Eta rapidly grew Monday into a major hurricane and is expected to become a Category 4 storm as it slowly crawls toward Nicaragua. “Eta has become an impressive November hurricane as it continues to undergo rapid strengthening,” the National Hurricane Center (NHC) said. Hurricane Eta is the 28th named storm and the 12th hurricane in a dangerously active season that has brought destruction from Central America to the northern Gulf States and beyond. With Eta, 2020 has tied a record set in 2005 for the most storms that have grown strong enough to be named. The center said in an advisory at 1 p.m. Eastern time that the storm was about 85 miles east of Cabo Gracias a Dios on the border of Nicaragua and Honduras and had sustained winds of up to 120 miles an hour. A hurricane warning is in effect for parts of Nicaragua. Belize also issues a Flood Watch, which is in effect for the Cayo, Belize, Stann Creek and Toledo districts.
Hurricane Eta ties record for the most named storms in an Atlantic hurricane season; threatens 35 inches of rain
Eta, which formed as a tropical storm over the weekend, was expected to move west throughout Monday morning and turn west-southwest by the afternoon, possibly strengthening to a Category 4 before making landfall in Nicaragua early Tuesday. The storm is then expected to weaken when it moves inland over the northern part of the country through early Wednesday. As much as 25 inches of rain could fall in Nicaragua and Honduras, the hurricane center said, warning of isolated amounts of up to 35 inches. Life-threatening storm surge, damaging winds, flash flooding and landslides across parts of Central America were expected. Some preparations in the region have already begun. The Nicaraguan authorities have issued certain alert levels in the country to help with responding to the storm.

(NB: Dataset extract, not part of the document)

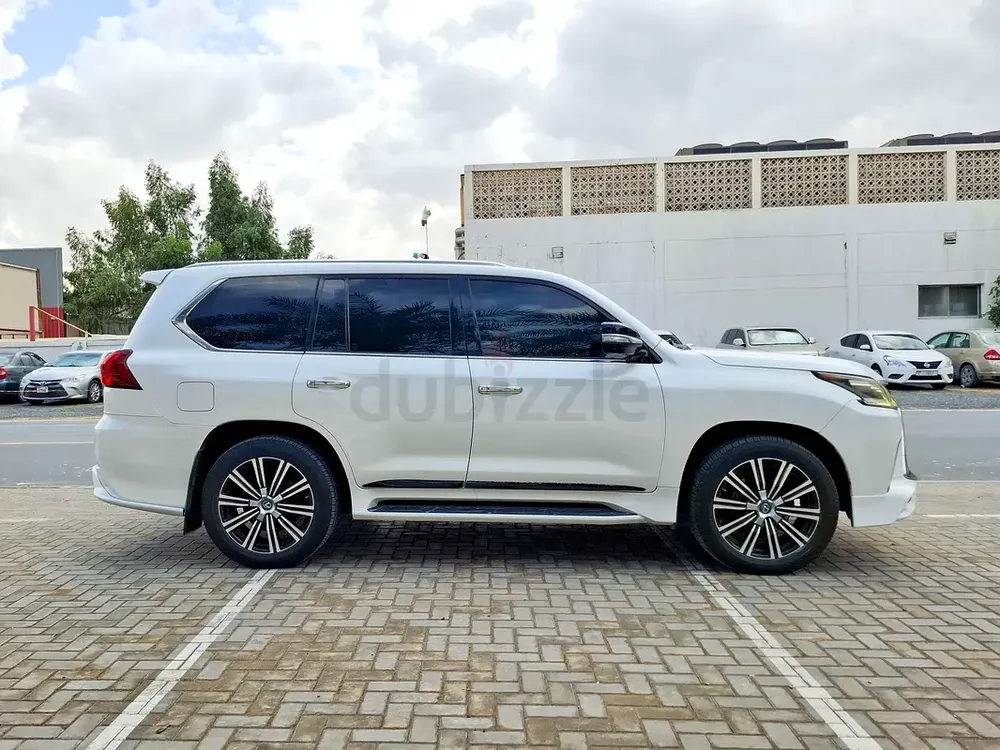 AED 3891/month | 2018 Lexus LX-Series LX 570 Platinum | GCC Specs | Ref#442318 - Image 4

Eta is forecasted to slow down and to start moving to the west-southwest this afternoon and is expected to make landfall along the north-eastern coast of Nicaragua on Tuesday.
At 1:00 pm on November 2, Belize issued Advisory #2 for now Hurricane Eta. Within, the National Meteorological Services of Belize and the National Emergency Management Organization (NEMO) issues a Flood Watch in effect for the Cayo, Belize, Stann Creek and Toledo districts. Southern Belize must brace for and be prepared to respond to severe flooding. Additionally, the NEMO warns those living along rivers and creeks to move to higher grounds, move away from streams and from riversides. Tropical cyclone watches or warnings are not required for Belize since landfall will be well south of Belize over Nicaragua.
Eastern Guatemala and Southern Belize may see between 10 to 20 inches through Thursday, thanks to Hurricane Eta. In the Caribbean, 5 to 10 inches of rain, with a potential for 15 inches, will fall across parts of Jamaica, the Cayman Islands, and southern Haiti over the same period of time.